# ENTRIES PROVIDED:
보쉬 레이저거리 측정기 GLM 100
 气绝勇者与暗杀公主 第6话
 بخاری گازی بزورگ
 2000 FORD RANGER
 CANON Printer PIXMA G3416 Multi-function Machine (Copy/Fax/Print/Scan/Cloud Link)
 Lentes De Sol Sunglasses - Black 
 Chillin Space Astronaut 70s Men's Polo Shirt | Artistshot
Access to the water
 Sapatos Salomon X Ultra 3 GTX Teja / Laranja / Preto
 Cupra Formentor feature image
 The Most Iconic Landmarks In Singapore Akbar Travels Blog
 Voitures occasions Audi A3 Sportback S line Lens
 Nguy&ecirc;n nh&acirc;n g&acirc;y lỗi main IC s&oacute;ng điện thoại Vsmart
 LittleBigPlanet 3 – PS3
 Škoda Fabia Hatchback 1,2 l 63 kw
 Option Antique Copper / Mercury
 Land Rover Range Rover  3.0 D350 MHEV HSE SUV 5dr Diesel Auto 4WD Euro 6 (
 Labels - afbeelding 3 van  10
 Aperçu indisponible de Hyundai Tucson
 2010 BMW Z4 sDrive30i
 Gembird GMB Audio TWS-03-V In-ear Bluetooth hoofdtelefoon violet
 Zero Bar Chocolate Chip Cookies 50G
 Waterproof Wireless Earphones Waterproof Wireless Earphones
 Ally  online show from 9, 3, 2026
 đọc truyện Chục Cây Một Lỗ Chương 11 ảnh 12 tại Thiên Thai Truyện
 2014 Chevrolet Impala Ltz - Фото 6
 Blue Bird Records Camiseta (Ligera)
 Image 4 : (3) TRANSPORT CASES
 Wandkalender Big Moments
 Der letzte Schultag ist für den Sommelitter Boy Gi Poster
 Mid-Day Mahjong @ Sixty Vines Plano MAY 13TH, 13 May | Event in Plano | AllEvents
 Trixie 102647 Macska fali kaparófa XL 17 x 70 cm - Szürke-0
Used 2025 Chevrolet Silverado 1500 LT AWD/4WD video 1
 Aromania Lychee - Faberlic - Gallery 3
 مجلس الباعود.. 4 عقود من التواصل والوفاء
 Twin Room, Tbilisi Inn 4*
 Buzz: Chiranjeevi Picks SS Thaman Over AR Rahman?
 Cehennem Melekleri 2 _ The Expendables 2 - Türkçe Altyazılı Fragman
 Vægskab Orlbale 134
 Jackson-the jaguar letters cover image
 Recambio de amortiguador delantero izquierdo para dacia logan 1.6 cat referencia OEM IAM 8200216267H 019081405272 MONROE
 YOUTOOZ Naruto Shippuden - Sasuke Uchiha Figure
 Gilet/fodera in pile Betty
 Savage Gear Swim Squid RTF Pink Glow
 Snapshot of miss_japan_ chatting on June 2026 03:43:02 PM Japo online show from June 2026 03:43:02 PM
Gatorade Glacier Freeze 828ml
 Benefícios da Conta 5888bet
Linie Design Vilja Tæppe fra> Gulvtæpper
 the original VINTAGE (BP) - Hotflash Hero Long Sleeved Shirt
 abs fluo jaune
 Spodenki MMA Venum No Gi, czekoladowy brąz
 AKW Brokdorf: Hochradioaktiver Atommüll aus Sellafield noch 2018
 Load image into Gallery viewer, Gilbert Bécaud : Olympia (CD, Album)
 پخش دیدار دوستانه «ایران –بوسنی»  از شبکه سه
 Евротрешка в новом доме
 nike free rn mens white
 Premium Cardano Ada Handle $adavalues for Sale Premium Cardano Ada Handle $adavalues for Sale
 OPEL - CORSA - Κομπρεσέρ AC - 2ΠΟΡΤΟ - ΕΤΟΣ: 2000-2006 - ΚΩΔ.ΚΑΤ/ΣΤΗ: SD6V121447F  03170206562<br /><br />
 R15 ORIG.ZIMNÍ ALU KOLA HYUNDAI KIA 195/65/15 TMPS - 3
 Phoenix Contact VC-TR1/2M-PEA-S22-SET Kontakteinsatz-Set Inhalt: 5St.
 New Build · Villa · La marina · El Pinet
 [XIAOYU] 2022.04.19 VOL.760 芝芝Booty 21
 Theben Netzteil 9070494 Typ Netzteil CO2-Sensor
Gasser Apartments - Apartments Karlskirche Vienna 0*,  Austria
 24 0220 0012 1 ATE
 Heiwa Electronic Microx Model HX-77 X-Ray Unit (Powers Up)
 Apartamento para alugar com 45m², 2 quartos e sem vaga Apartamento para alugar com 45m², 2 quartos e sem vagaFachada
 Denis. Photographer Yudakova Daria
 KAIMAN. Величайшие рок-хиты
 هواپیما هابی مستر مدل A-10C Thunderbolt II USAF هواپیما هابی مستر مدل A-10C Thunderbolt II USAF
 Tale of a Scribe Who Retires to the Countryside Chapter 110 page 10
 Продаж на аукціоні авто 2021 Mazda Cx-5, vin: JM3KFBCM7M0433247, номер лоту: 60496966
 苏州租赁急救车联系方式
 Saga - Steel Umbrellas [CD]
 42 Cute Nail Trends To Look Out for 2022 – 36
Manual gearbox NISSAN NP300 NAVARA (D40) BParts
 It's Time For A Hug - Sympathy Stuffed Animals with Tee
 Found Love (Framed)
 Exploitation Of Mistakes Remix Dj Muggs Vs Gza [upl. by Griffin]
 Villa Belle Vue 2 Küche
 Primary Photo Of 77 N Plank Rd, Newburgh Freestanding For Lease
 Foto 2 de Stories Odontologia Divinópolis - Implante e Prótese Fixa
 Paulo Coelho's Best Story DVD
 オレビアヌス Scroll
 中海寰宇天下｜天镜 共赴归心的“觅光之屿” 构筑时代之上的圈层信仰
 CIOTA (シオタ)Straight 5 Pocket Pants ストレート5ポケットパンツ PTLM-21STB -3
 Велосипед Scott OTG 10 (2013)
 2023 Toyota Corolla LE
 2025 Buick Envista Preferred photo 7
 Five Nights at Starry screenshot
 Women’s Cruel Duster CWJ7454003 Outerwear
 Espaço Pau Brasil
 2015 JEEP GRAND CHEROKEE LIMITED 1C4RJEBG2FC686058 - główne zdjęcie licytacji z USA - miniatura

# TASK GOAL:
Of all the entries above, retype exactly the lines from the line with "LittleBigPlanet 3 – PS3" to the line with "Buzz: Chiranjeevi Picks", both included, and no others.

# EXERCISE ANSWER:
 LittleBigPlanet 3 – PS3
 Škoda Fabia Hatchback 1,2 l 63 kw
 Option Antique Copper / Mercury
 Land Rover Range Rover  3.0 D350 MHEV HSE SUV 5dr Diesel Auto 4WD Euro 6 (
 Labels - afbeelding 3 van  10
 Aperçu indisponible de Hyundai Tucson
 2010 BMW Z4 sDrive30i
 Gembird GMB Audio TWS-03-V In-ear Bluetooth hoofdtelefoon violet
 Zero Bar Chocolate Chip Cookies 50G
 Waterproof Wireless Earphones Waterproof Wireless Earphones
 Ally  online show from 9, 3, 2026
 đọc truyện Chục Cây Một Lỗ Chương 11 ảnh 12 tại Thiên Thai Truyện
 2014 Chevrolet Impala Ltz - Фото 6
 Blue Bird Records Camiseta (Ligera)
 Image 4 : (3) TRANSPORT CASES
 Wandkalender Big Moments
 Der letzte Schultag ist für den Sommelitter Boy Gi Poster
 Mid-Day Mahjong @ Sixty Vines Plano MAY 13TH, 13 May | Event in Plano | AllEvents
 Trixie 102647 Macska fali kaparófa XL 17 x 70 cm - Szürke-0
Used 2025 Chevrolet Silverado 1500 LT AWD/4WD video 1
 Aromania Lychee - Faberlic - Gallery 3
 مجلس الباعود.. 4 عقود من التواصل والوفاء
 Twin Room, Tbilisi Inn 4*
 Buzz: Chiranjeevi Picks SS Thaman Over AR Rahman?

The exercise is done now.